Gold broke through $1,200 per ounce this week, on rumors that the People’s Bank of China might increase the percentage of gold in its reserves. The dollar, the euro, sterling and the yen all have good reasons to weaken, yet in our current global fiat money system they have nothing to weaken against. Global foreign exchange reserves are at record highs, but there is nothing solid for central banks to buy. This all raises the interesting question: are we seeing the beginning of the end of the fiat money floating exchange rate system that has prevailed since 1973? And could something closer to a Gold Standard replace it?

At the extreme it is very unlikely that in the near future we will go back to a full Gold Standard. We’re unlikely in five years time to be wandering round with gold sovereigns or double eagles clanking in our pockets. Pity. However it’s quite possible for us to move some considerable distance towards a gold standard without actually getting to the final destination. And there are increasing signs that the world is heading in that direction.

The explosion in global liquidity in the last decade has had an effect on global central bank reserves, which increased 414% between 1998 and the second quarter of 2009 to $6.8 trillion, an annual rate of increase of 14.5%. This is more than three times the rate of increase of nominal Gross World Product of 4.6%. Put another way, central bank reserves increased from 4.2% of GWP to 11.1% during the ten years 1998-2008.

The world therefore has been flooded with liquidity; Alan Greenspan and Ben Bernanke and to a lesser extent their counterparts in the ECB, the Bank of England, the Bank of Japan and the People’s Bank of China have a lot to answer for. Effectively they have by their own actions flooded the globe with paper money and made ordinary currency and short term securities increasingly undesirable assets. It is thus not surprising that private sector investors and even central banks themselves are looking for something better. India’s purchase in October of 200 tons of IMF gold (at a then value of $6.7 billion) was not a fluke.

The central bank search for an alternative to paper money holdings naturally leads them in the direction of gold. Gold has very few uses, so theoretically could lose its value almost completely if the world’s markets decided that holding gold was no more sensible than collecting old tram tickets. However in practice even in the dis-inflationary and economically ebullient 1980s and 1990s the gold price dropped only to around $250 an ounce, a price equivalent to its extraction cost from the most efficient gold mining operations. (That cost is now around $400 per ounce.) After all, if investors had decided the stuff was of no interest, there’s 50 years supply of it just lying around, so there would have been no need to produce any more, and no floor from mining costs on the gold price. In that case, gold would probably have dropped to around the $50 per ounce at which it becomes a plausible substitute for other metals in industrial uses.

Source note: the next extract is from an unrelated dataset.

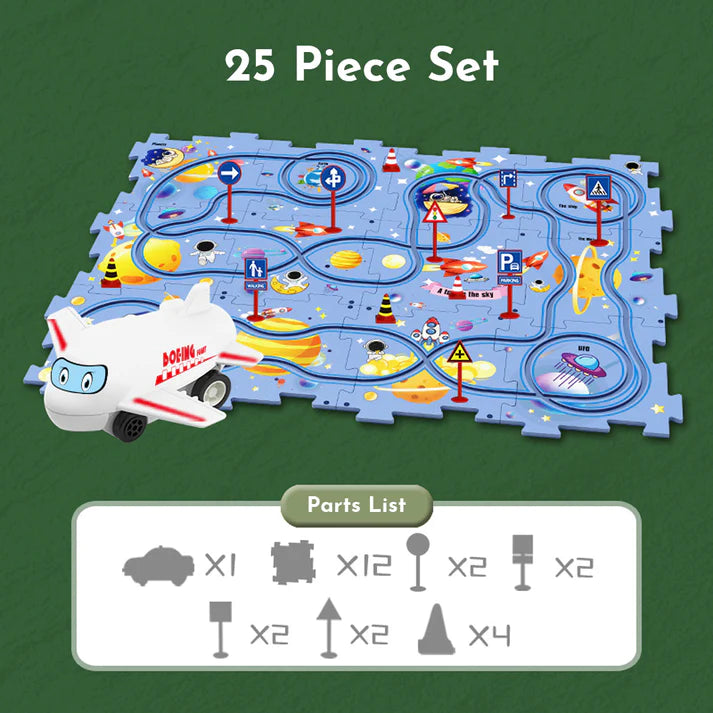 Car Track™ - mykiddocare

So the world has bench-tested the Keynesian theory that gold is a barbarous relic, and found it wanting. Even in the 1990s, a time of peace and apparent dis-inflationary prosperity investors, including central banks wanted to keep a certain portion of their reserves in gold. Ideologically driven decisions, such as then UK Chancellor of the Exchequer Gordon’s Brown’s sale of half Britain’s gold reserves in 1999-2002, quickly came back to haunt the fanatic, as inflation-free prosperity dissolved and the normal world of economic toil and monetary sloppiness returned.

There are three ways in which the world could move towards a gold standard without actually getting there. First, the world’s central banks, particularly the ones like China and Japan with the biggest reserve pools, could increase the percentage of their reserves kept in gold. According to IMF data, that percentage declined from 13.9% to 9.8% during the great increase in central bank reserves from 1998 to 2008 even though the gold price more than trebled during that period.

A return to even the modest 1998 percentage of gold reserves would result in gold purchases of $324 billion, surely enough to shift the gold market a fair whack. A return to a still modest ratio of gold holdings of 20% of reserves, which prevailed as recently as 1994, would result in central bank gold purchases of $867 billion, about eight years’ mine supply at current prices, and more than 15% of all the gold now in existence.

Second, the world’s monetary authorities could start targeting the gold price as part of their monetary management, aiming to keep it within a certain range, thereby preventing excessive monetary expansion and dampening excessive exchange rate fluctuations. A “hard money” Federal Reserve chairman, for example, worried about the value of the dollar, could seek to keep the gold price between $900 and $1,000. He would sell gold from Fort Knox when, as now, the price was above that range, but would maintain a stated commitment to buying gold if and when the dollar had strengthened sufficiently that the price fell below $900.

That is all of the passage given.